Pictures aside, return every line below exactly as written.

# # # #

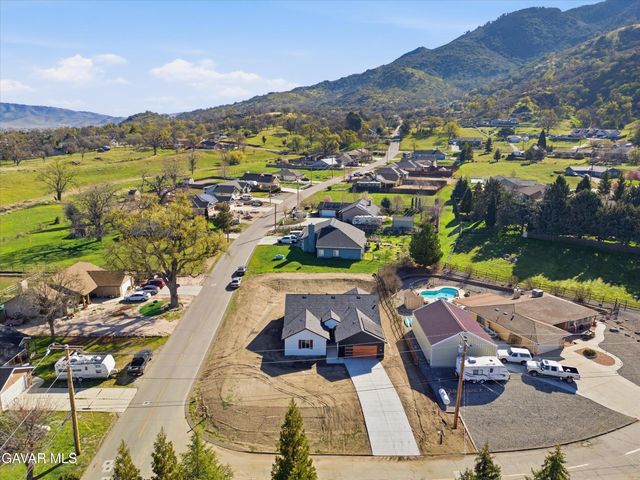 17750 Arlington Place, Tehachapi, CA 93561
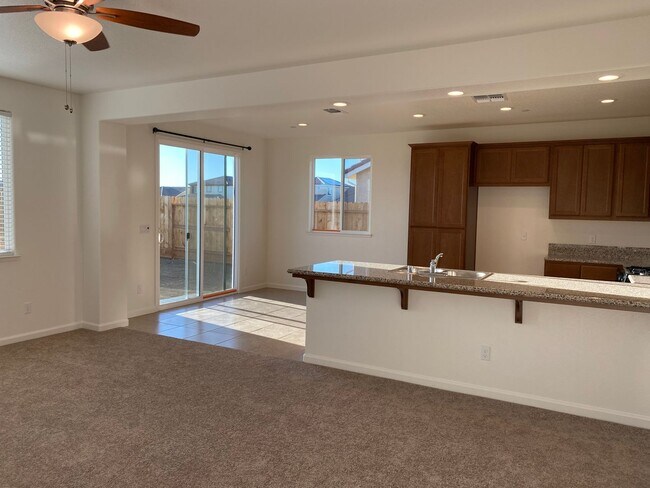 Foto del edificio - REDUCED!!!  3 Bedroom 2 Bath Home for Rent...
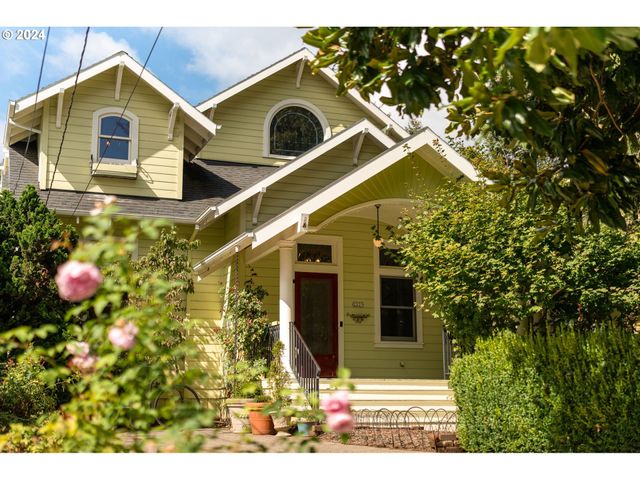 $825,000 | 2225 Northeast 15th Avenue | Irvington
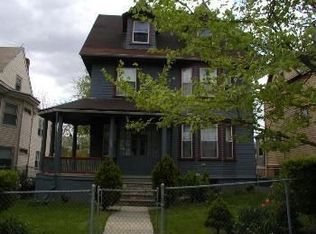224 High St, Orange, NJ 07050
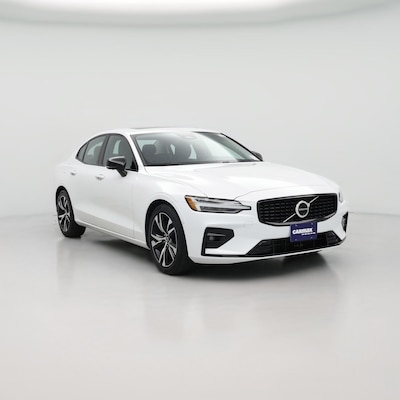 2024 Volvo S60 B5 Plus Dark Theme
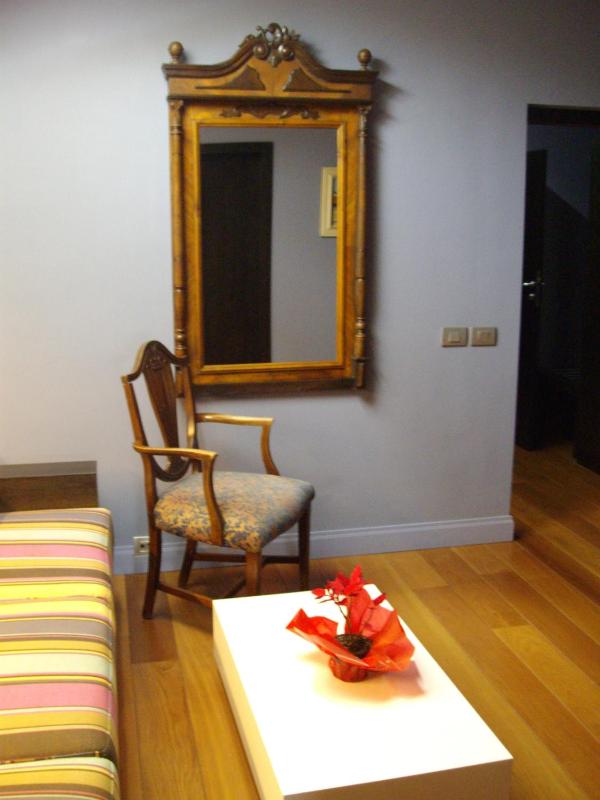 One-Bedroom Suite with Spa Bath image 3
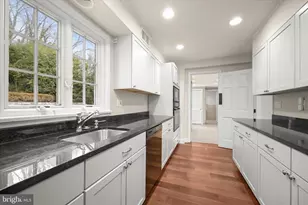 6801 Newbold Dr, Bethesda, MD 20817 - Photo 19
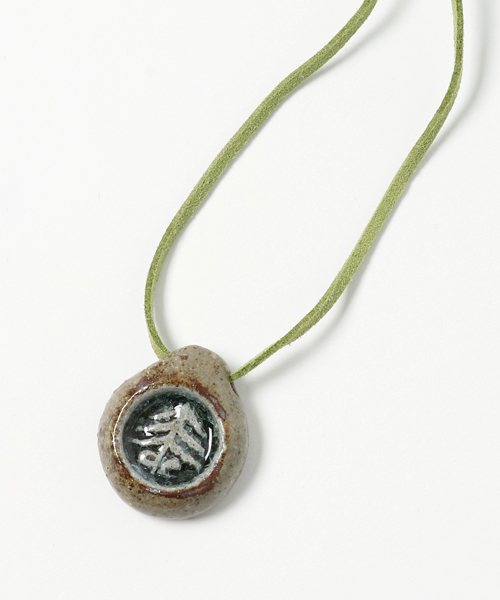 go slow caravan(ゴースローキャラバン)の「devadurga/デヴァドゥルガ KOYA ネックレス(ネックレス・メンズ・オレンジ/ブラウン/グリーン/イエロー/ライトグリーン/レッド/ブラック・FREE)」の5枚目の写真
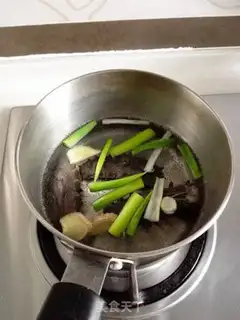 Make Onion dry basil step 7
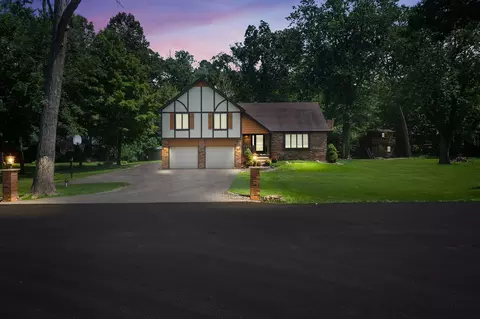 29844 Ellen Dr, Genoa, IL 60135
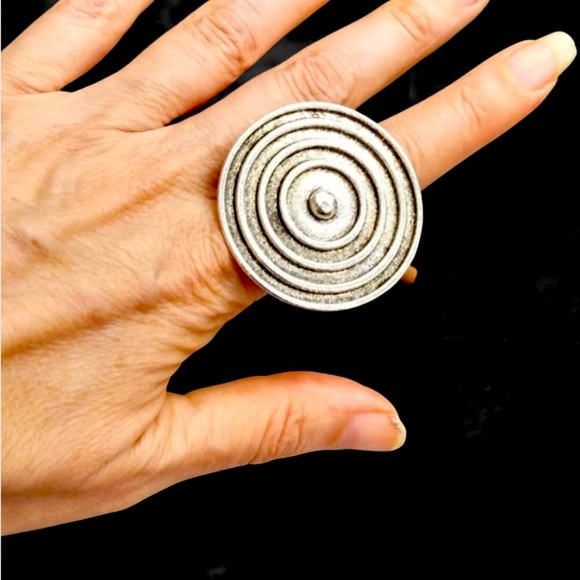 Large Round Silver Ring - NEW - Picture 2 of 5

# # # #

■ **SOLUTION TO THIS EXERCISE**
 17750 Arlington Place, Tehachapi, CA 93561
 Foto del edificio - REDUCED!!!  3 Bedroom 2 Bath Home for Rent...
 $825,000 | 2225 Northeast 15th Avenue | Irvington
224 High St, Orange, NJ 07050
 2024 Volvo S60 B5 Plus Dark Theme
 One-Bedroom Suite with Spa Bath image 3
 6801 Newbold Dr, Bethesda, MD 20817 - Photo 19
 go slow caravan(ゴースローキャラバン)の「devadurga/デヴァドゥルガ KOYA ネックレス(ネックレス・メンズ・オレンジ/ブラウン/グリーン/イエロー/ライトグリーン/レッド/ブラック・FREE)」の5枚目の写真
 Make Onion dry basil step 7
 29844 Ellen Dr, Genoa, IL 60135
 Large Round Silver Ring - NEW - Picture 2 of 5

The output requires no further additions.